À propos d'une aporie : l'instrumentalisation, à la fois immorale et nécessaire


Si l'on est humaniste, l'on considère l'être humain comme une fin et non comme un moyen (pour paraphraser Kant), autrement dit, l'on pense qu'il n'est pas éthique d'utiliser l'être humain comme un moyen pour arriver à ses fins, donc l'on s'oppose à tout instrumentalisme. Cela implique un grand nombre de refus. L'on refuse que l'être humain doive travailler pour survivre : si l'être humain est inconditionnellement digne, alors il mérite de bien vivre même s'il ne sert pas la société. L'on refuse toute pensée religieuse : dans notre perspective, il serait immoral que l'être humain soit l'instrument du plan de Dieu. Plus généralement, l'on refuse que l'être humain serve quoi que ce soit, qu'il s'agisse des autres, d'une institution, de l'État, de la société, de la patrie ou de Dieu. 

L'on refuse que l'Individu soit au service du Collectif. En effet, le Collectif peut être entendu en deux sens : une réalité objective qui dépasse et englobe l'Individu – ou une représentation de l'Individu. Il s'agit soi d'une réalité matérielle, soit d'une idée, mais non d'un être conscient et digne. Seul l'Individu est esprit, seul l'Individu est humain : l'Individu est celui par qui il se fait qu'il y a un Collectif, le Collectif (en tant que réalité objective et en tant qu'Idée) n'existe que par et pour l'Individu. La conscience, rappelons-le, n'est pas un objet, mais un rapport aux objets : elle ne saurait donc se définir par rien d'extérieur à elle. « Toute conscience est conscience de quelque chose » (Husserl), ce qui suppose que la conscience n'est jamais quelque chose : la conscience est toujours conscience de ce qui n'est pas elle. C'est en ce sens que, pour citer les existentialistes, l'être humain n'est rien, ce « rien » étant un rapport aux choses ne se confondant jamais avec les choses elles-mêmes.

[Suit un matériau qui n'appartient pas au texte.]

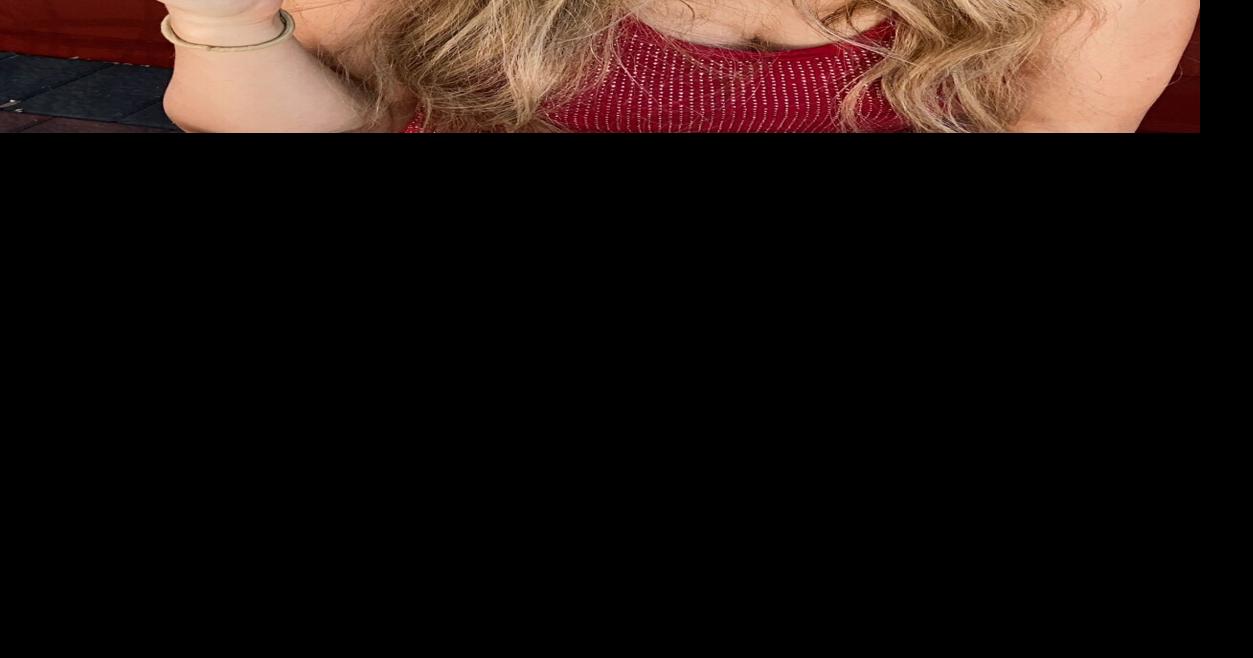 Jillian Wiley’s debut novel draws from her music and travel journeys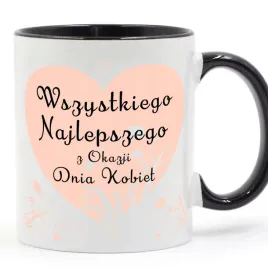 kubek-bialy-czarne-dno-i-ucho-dzien-kobiet-04-prezent-dla-niej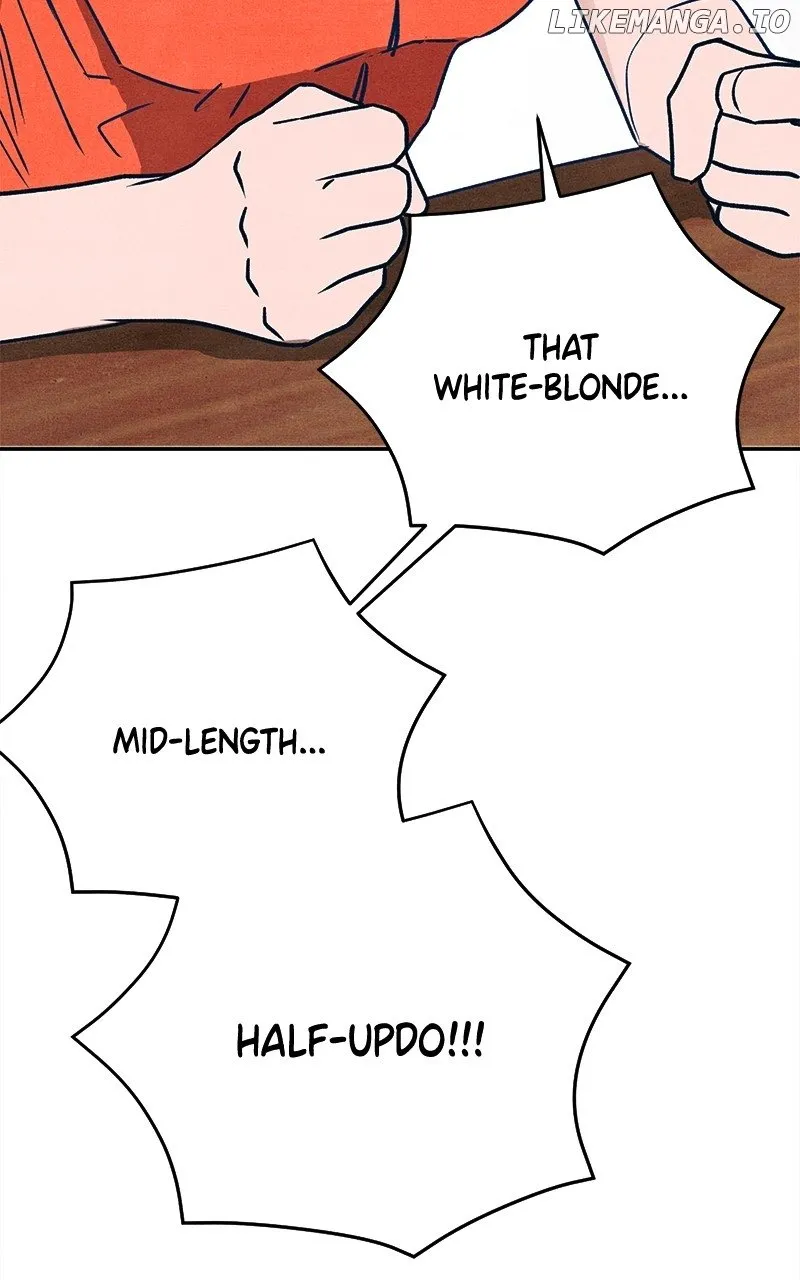 Who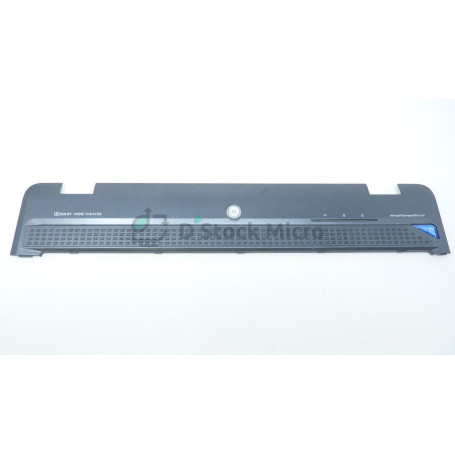 dstockmicro.com Plasturgie bouton d'allumage - Power Panel EAZY6006010 pour Acer Aspire 7730ZG-344G25Mn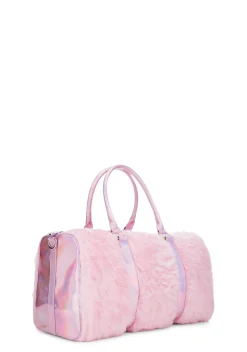 Sugar Thrillz Bags*Shagadelic Weekender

Cependant, dès lors que l'on quitte les sommets lumineux de l'éthique pour redescendre dans les plaines marécageuses de la survie, l'on se rappelle tristement que d'un point de vue matériel, il est impossible de survivre sans instrumentaliser autrui. Dire, à l'instar des dictateurs anti-humanistes, que l'Individu n'est rien sans le Collectif, est philosophiquement faux et éthiquement scandaleux, mais – hélas ! – matériellement vrai, dans le sens où nous avons besoin des autres pour survivre. En effet, notre corps a divers besoins (manger, boire, se loger, se soigner, se protéger des agressions extérieures, etc) que nous ne pouvons pas satisfaire sans l'aide d'autrui. Thomas Hobbes écrit que l'Homme à l'état de nature, livré à lui-même, a une vie « solitaire, besogneuse, pénible, quasi animale et brève ». En effet, sans l'aide des autres, l'on satisfait difficilement ses besoins et l'on ne bénéficie pas de la sécurité de la société, ce qui place notre vie sous le signe de la précarité et de la peur. 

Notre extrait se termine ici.